The most distinguishing characteristic of plant cells is their rigid cell wall that surrounds the inner plasma membrane. A plant cell wall is made from cellulose, which is made from glucose. Thin chains of these glucose molecules are joined as microfibrils, which give cellulose crystal-like properties. The microfibrils are wound together into threads, which themselves are wound into cables. Cellulose is the most abundant substance in plants, but lignin is a close second.

Lignin, is a glucose-based polymer that adds further rigidity and strength to the cell wall. Lignin is the major material in wood.

Plants need strong, rigid cell walls for two important reasons. First, the cell walls help support the plant; for example, keeping its stem upright. Second, water drawn up through the plant via the roots is under pressure, and strong cell walls are required to maintain cell shape, and prevent cell explosion, during water intake.

Vacuoles are, in some ways, similar to vesicles in animal cells. However, plant cell vacuoles are usually far larger than vesicles (taking up 90 percent of the space in some plant cells). Vacuoles are membrane-bound sacs filled with liquid called cell sap, which is mostly water. In some plants, the cells’ vacuoles hold pigments that give the plant its color, such as the red pigment in cherries.

Plant cell cross-section
Chloroplasts are plant cell structures that contain chlorophyll and carotenoid pigments and are the sites where photosynthesis occurs. Chloroplasts are disk-shaped plastids, components of plant cells bounded by a two-layer membrane. The base substance inside a chloroplast is called the stroma. Within the stroma is an intricate and complex system of flat, sac-like membranes called thylakoids. A large stack of thylakoids is called a granum (plural, grana). Chlorophyll and carotenoid pigments are found in the membranes of the thylakoids. In most plants, these pigments derive from green chlorophyll.

Plant cell chloroplast structure

Question

What are the two main substances that give rigidity to the cell wall?

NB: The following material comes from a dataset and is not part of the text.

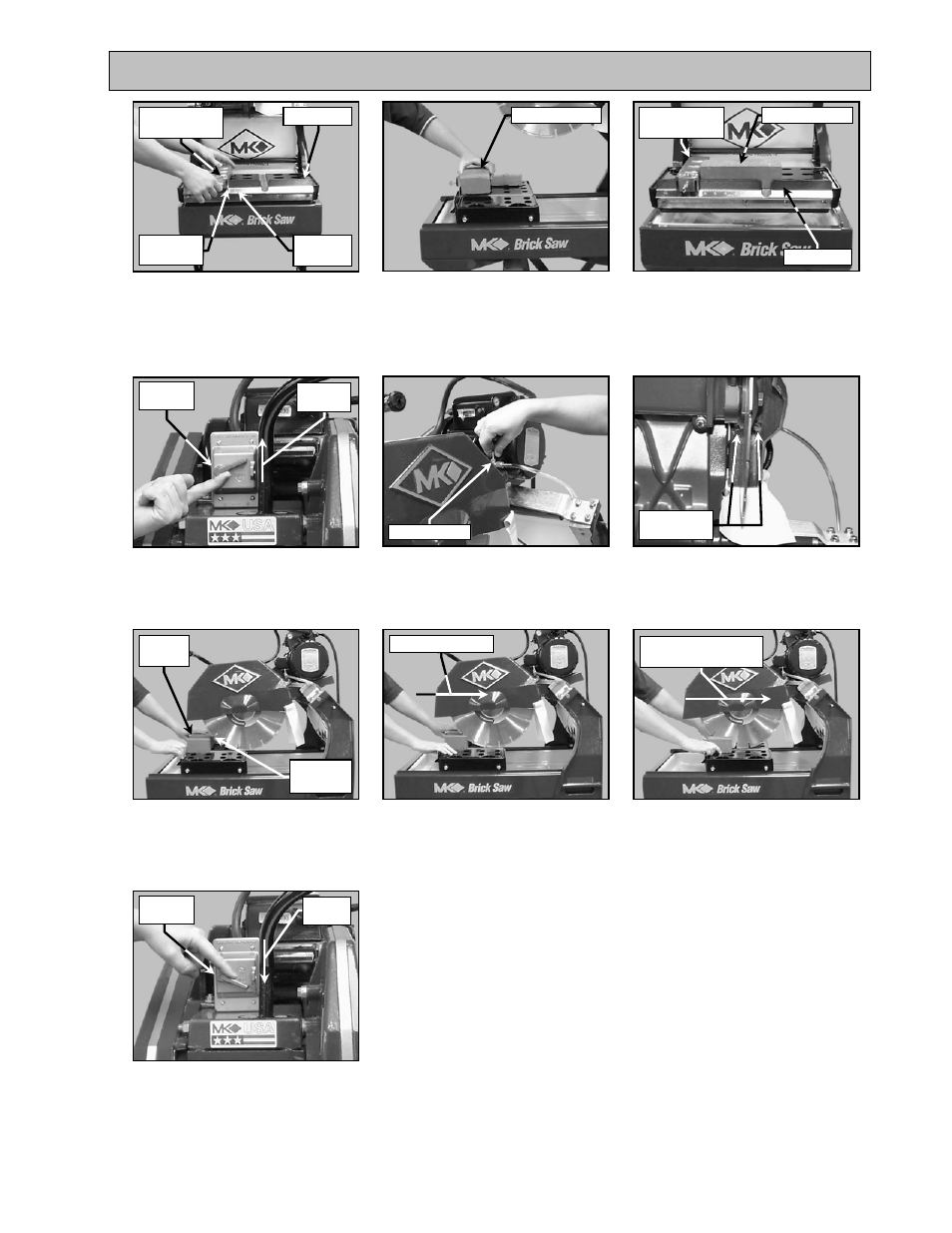 Setup, adjustment and operation | MK Diamond MK-2000 User Manual | Page 21 / 51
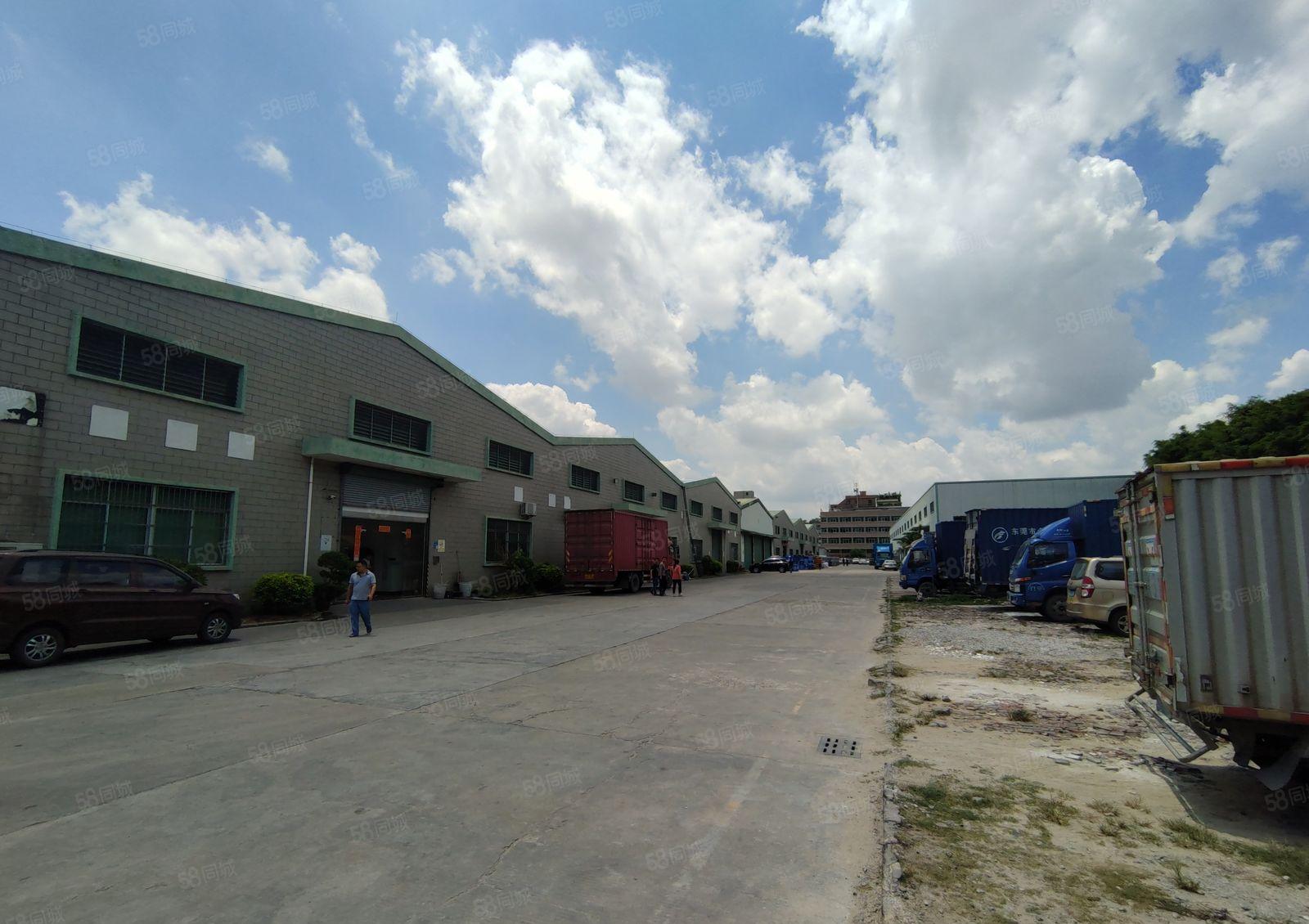 16元500平起租惠州镇隆20000平钢构厂房滴水9米高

  1. Microtubules and lignin
  2. Lignin and cellulose
  3. Cellulose and thylakoids
  4. Grana and cellulose

Reveal Answer

The correct answer is B. Cellulose forms microfibril chains that, along with lignin, add rigidity to plant cell walls. Microtubules are cytoskeletal structures in animal cells, so A is not correct. Thylakoids are pigment-carrying parts of chloroplasts, so C is incorrect. Grana are stacks of thylakoids, so D is also not correct.

Question

The grana that occur in chloroplasts are primarily made up of

  1. numerous plastids.
  2. liquid stroma.
  3. stacked thylakoids.
  4. carotenoid pigments.

Reveal Answer

The correct answer is C. Grana are the stacks of pigment-rich thylakoids that occur in the chloroplasts. A chloroplast is itself a plastid, a type of organelle, but its constituents are not plastids, so A is not correct. The stroma is the liquid that fills the area around the grana in the chloroplasts, so B is not correct. Carotenoid pigments may be incorporated into the thylakoids that make up the grana, but the grana are not made up of these pigments, so D is not correct.

Living on Light

Plants are autotrophs because they make their own food via the process of photosynthesis. Photosynthesisis a complex chemical process in which the energy in sunlight is used to convert carbon dioxide and water into a form of glucose a plant can use as food, with oxygen as a byproduct. Photosynthesis takes place in the chloroplasts, particularly in the thylakoids.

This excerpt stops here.